■ TASK TO CARRY OUT:
Return, without pictures, the lines from the start of the data through the one that contains "Another emphasis is".

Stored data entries
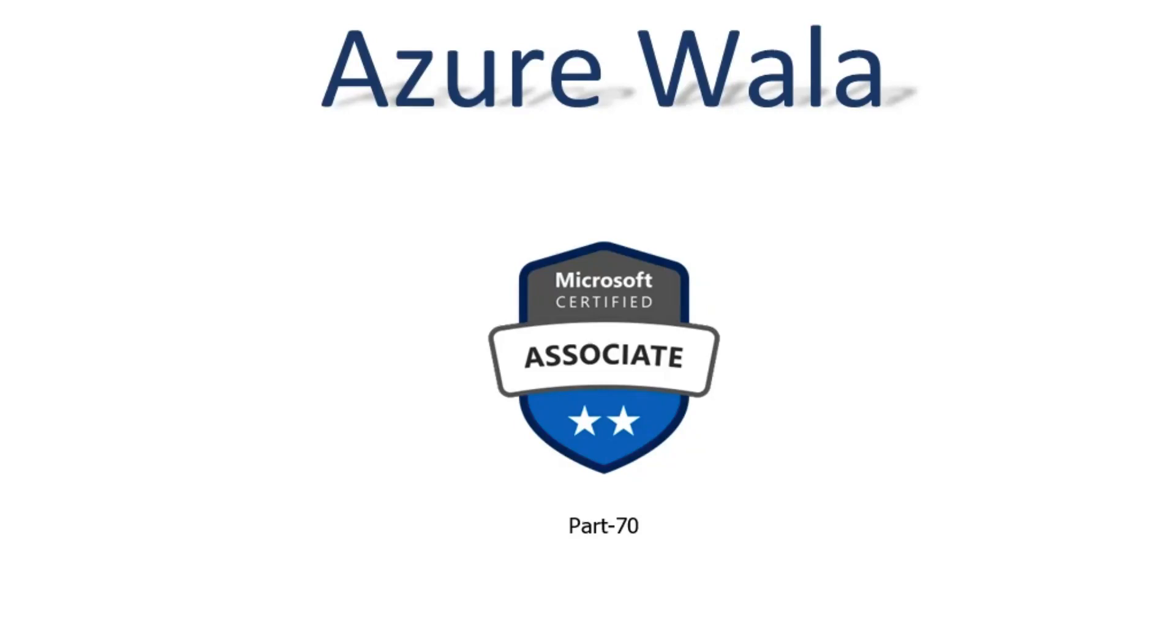Hello and welcome to Azure Walla YouTube channel. We are in part 70 of Microsoft Certified Associates series. So far we have completed 117 questions in previous videos. Today we are going to discuss question number 118 and 119.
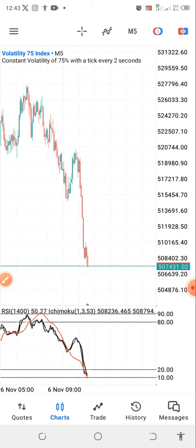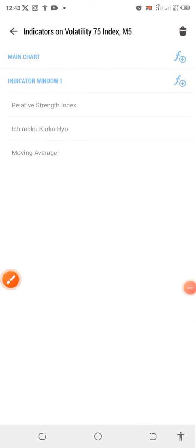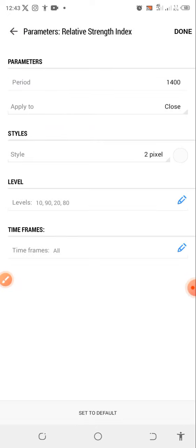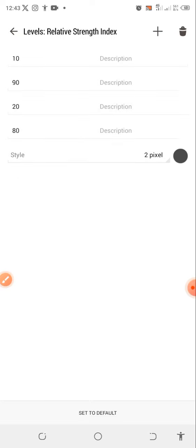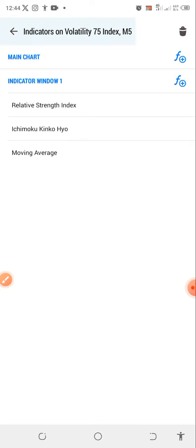Let me show you the indicator settings for the strategy. Click on the icon at the top to open settings. The first indicator you need is the RSI — go to the plus icon, find the RSI and click on it. Set the period to 14, applied to close. For the levels, you need 10, 20, 80, and 90. Click done and it will appear in your indicator window one.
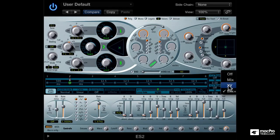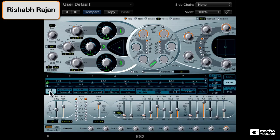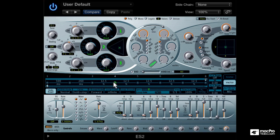Hi, my name is Rishabh Rajan and this is a course on designing sounds in Logic Pro's ES2 software synth.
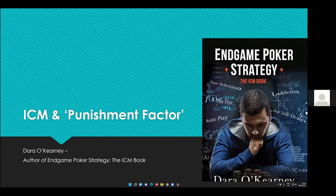My name is Dara Kearney. I'm an Irish professional poker player. I learned poker at a much older age than most of you, about 15 years ago, and I've been a professional for the last 14 years, predominantly an online player, although I have played a decent amount live as well.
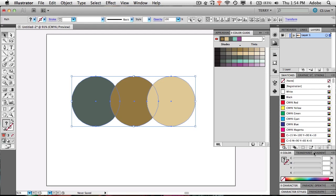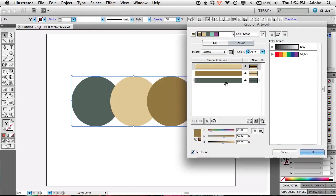So that's it — the Color Guide. You can add your own color groups and edit the colors anytime you want. And there's one more thing to check here.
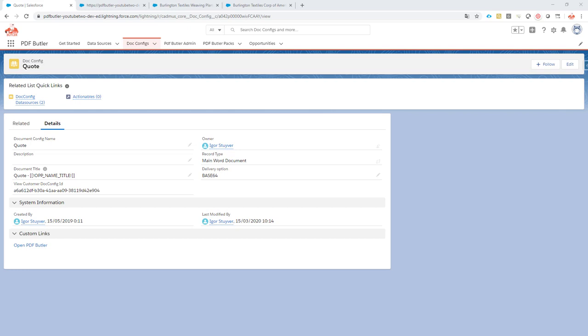Building quotes, contracts or any other documents in PDFButler in multiple languages is not that difficult. It's actually quite easy if you know how to do it. So let's take a look at how PDFButler actually handles this.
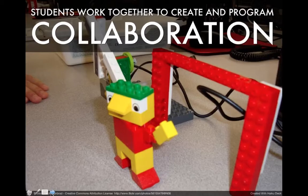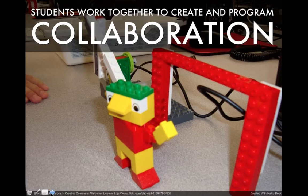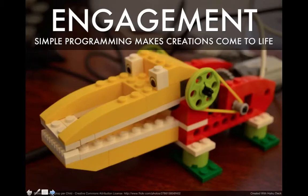Another emphasis is collaboration. My experience has been that two students working together works well, as they are both fully involved. Some of the projects can interact with each other, like a figure that kicks an object and a figure that protects the goal.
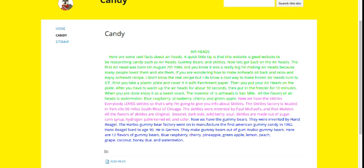Hi, I'm Chelsea, and I'm going to tell you about some candy, such as Airheads, Skittles, and Gummy Bears - one of the best candies.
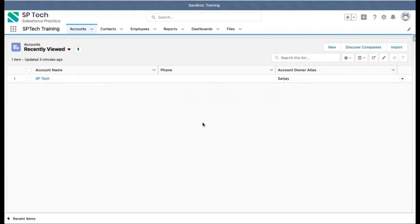Welcome to Salesforce training videos from SPTech. SPTech is a Salesforce consulting service based in Atlanta, Georgia. In this video, I am going to demonstrate the difference between Salesforce Classic and Salesforce Lightning.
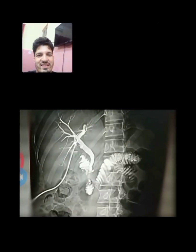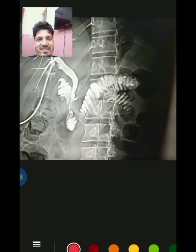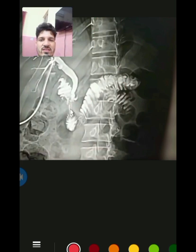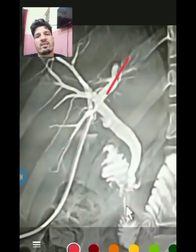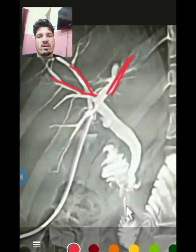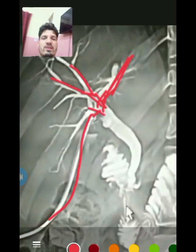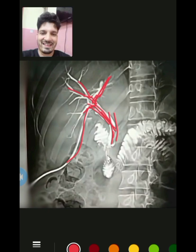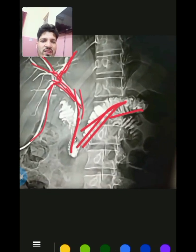The next cholangiogram is the right lateral oblique view. You can easily identify this by the position of the spine — you can see a slight tilt; it is not straight. The CBD lies to the side of the spine in this view. You can see the right anterior and right posterior hepatic ducts combining to form the right hepatic duct, then the common hepatic duct, the T-tube, the cystic duct combining to form the CBD, and finally contrast spilling into the duodenum and jejunum.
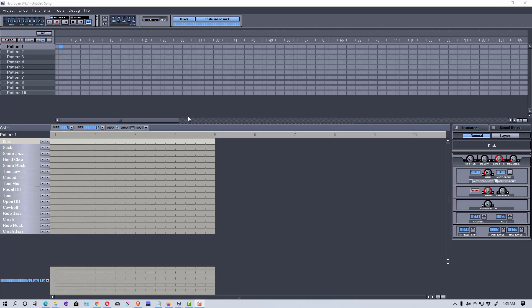Hey everybody, Mungo Dark Matter here, and today I'm going to show you how to use Hydrogen, which is a free drum machine available on Windows, Mac, and Linux. You can use Hydrogen whether you want to use it as a metronome or drum machine for practicing, to create beats, or to export it into other DAWs and music programs as either a MIDI file or a wave file.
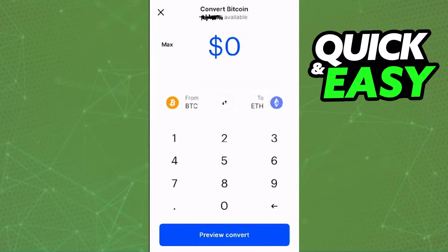On the second option, select LUNA. After doing that, select the amount that you want to convert and swap. Then click on the blue button to confirm your action and that's it.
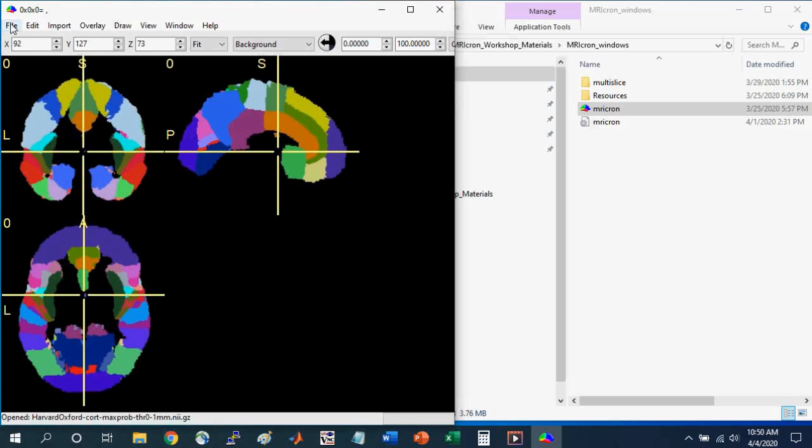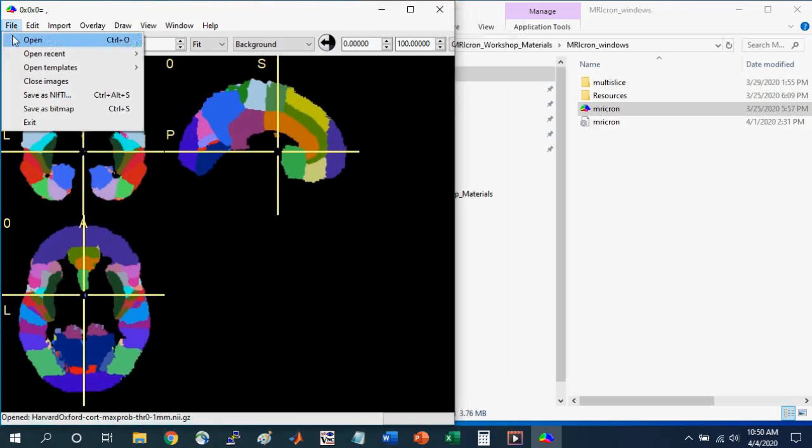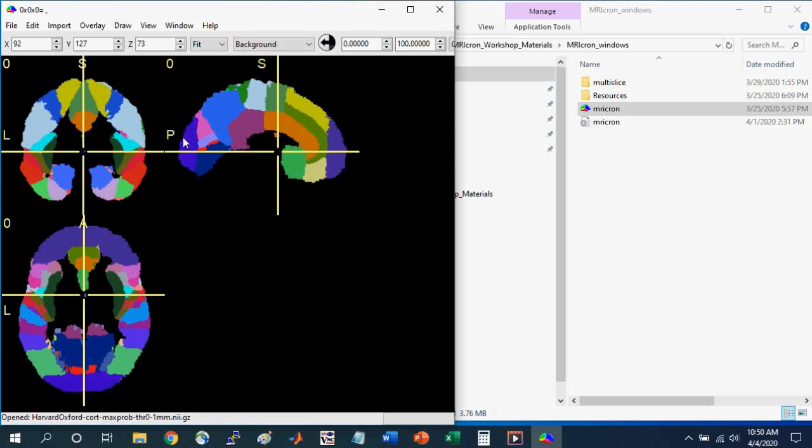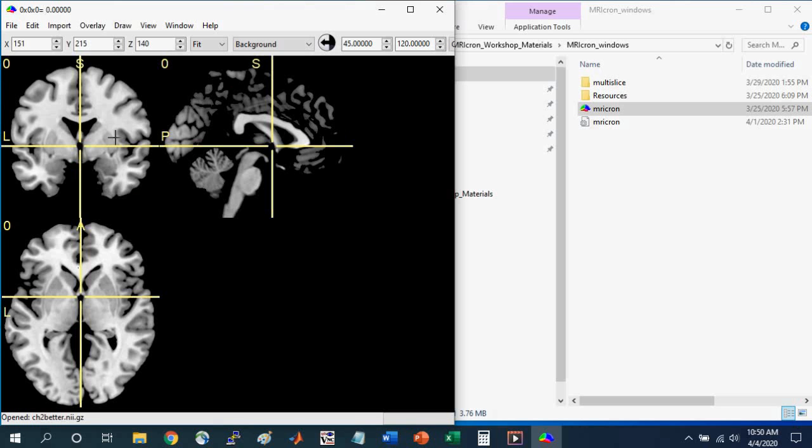And so I'm going to first open a template brain. So I'm going to go to File, Open Templates, and select CH2 Better. And this is the standard brain in MNI space that can be used to overlay different anatomical atlases or statistical maps. So see the Introduction to Brain Navigation with MRI-Cron tutorial to learn how to get the settings that I have here and learn what these different parameters mean.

■ EXERCISE RESULT:
Hello and welcome to Azure Walla YouTube channel. We are in part 70 of Microsoft Certified Associates series. So far we have completed 117 questions in previous videos. Today we are going to discuss question number 118 and 119.
Let me show you the indicator settings for the strategy. Click on the icon at the top to open settings. The first indicator you need is the RSI — go to the plus icon, find the RSI and click on it. Set the period to 14, applied to close. For the levels, you need 10, 20, 80, and 90. Click done and it will appear in your indicator window one.
Hi, my name is Rishabh Rajan and this is a course on designing sounds in Logic Pro's ES2 software synth.
My name is Dara Kearney. I'm an Irish professional poker player. I learned poker at a much older age than most of you, about 15 years ago, and I've been a professional for the last 14 years, predominantly an online player, although I have played a decent amount live as well.
So that's it — the Color Guide. You can add your own color groups and edit the colors anytime you want. And there's one more thing to check here.
Building quotes, contracts or any other documents in PDFButler in multiple languages is not that difficult. It's actually quite easy if you know how to do it. So let's take a look at how PDFButler actually handles this.
Another emphasis is collaboration. My experience has been that two students working together works well, as they are both fully involved. Some of the projects can interact with each other, like a figure that kicks an object and a figure that protects the goal.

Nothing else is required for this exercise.